自由な表現活動に配慮、「不必要な不安、本意ではない」

<運用基準修正の意味>

 ステルスマーケティング規制は、これまでの景品表示法規制と性質が大きく異なる。ステマに対する消費者、事業者の認識も一致していない。規制すべきステマの社会への浸透を図る必要があり、慎重な運用が求められる。

 景表法は、広告の「優良・有利誤認」など、商品の品質や性能、取引条件の内容を評価し、消費者の誤認を招く表示を規制する。一方、ステマ規制は、内容の悪質性は考慮しない。「事業者の表示」を隠していると認められるかだ。違反の構成要件はシンプル。措置命令のハードルは下がるが、「優良誤認」等と同じ制裁効果を持つ。
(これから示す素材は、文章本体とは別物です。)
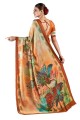 Silk Multicolor Saree  with Digital print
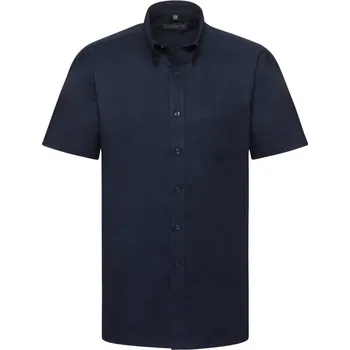 Pánská košile Russell Košile Oxford 933M, krátký rukáv COT11933Mw3315-bright navy 5XL Navy jasná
 景表法の規制対象は、「商品・役務の供給者」のため、規制を受けるのは基本的に広告主だ。ただ、ステマの実態把握に向けた調査過程で、消費者庁は、景表法に定める調査権限(報告徴収、立入検査)を活用するとしている。権限は、広告主に関係する広告代理店、アフィリエイター、インフルエンサー等にも及ぶ。「第三者の自主的な意思」など関係性の把握に必要なためだ。事業活動に大きな影響があるにも関わらず、運用基準は、問題事例が抽象的であるため、事業者から不満の声があがっていた。これを受け、規制の提言を行った自民党部会でも慎重な調整が行われていた。
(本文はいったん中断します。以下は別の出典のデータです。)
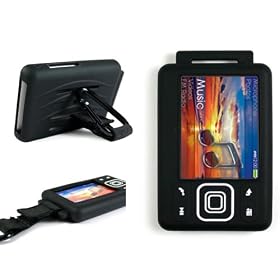BLACK Silicone Skin Case Cover for Creative Zen 4gb 8gb 16gb & 32gb + SCREEN PROTECTOR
 追記、修正が行われた運用基準は、事業者の予見性に対する配慮がみられる。

 「なりすまし」と判断される可能性のある事業者の従業員による表示では、販促担当でない従業員による個人としての発信は、問題とならないとした。「ある意味で、規制の抜け道になる」(業界関係者)との指摘もある。明記したのは、個人の自由な表現活動を優先したためだろう。

 基準も、前段で改めて景表法の趣旨、規制対象の説明に触れ、事業者の自由な広告、第三者の自由な表現活動を不当に制約するものではないと明記した。ある公取OBは、「ガイドラインで景表法の趣旨に改めて触れるケースは珍しい。全く新しい規制であり、丁寧な説明を心がけたのだろう」と印象を話す。

 「利益提供秘匿型」においても、第三者が行った表示に誤記があり、その修正を依頼しても、これをもって「表示内容の決定に関与」と判断しない旨を追記した。アフィリエイト広告規制でも課題として浮上した「適切な表示を心がけても管理すればするほど、関係が密になり、表示に関与したと判断される」(事業者)という懸念の払しょくを図ったとみられる。

 消費者庁は、ステマ規制について、「規制の趣旨はあくまで、一見、第三者の表示であるのに事業者の表示であるものを規制すること。不必要に不安を与えるのは本意ではない」(南雅晴表示対策課長)と話す。

 悪質なステマは、確信犯のケースが少なくない。セーフハーバーを示し、予見性や「表現の自由」への配慮を優先したのも、丁寧な調査に基づく実態把握を通じ、取り締るべき対象を絞り対処する意思の表れだろう。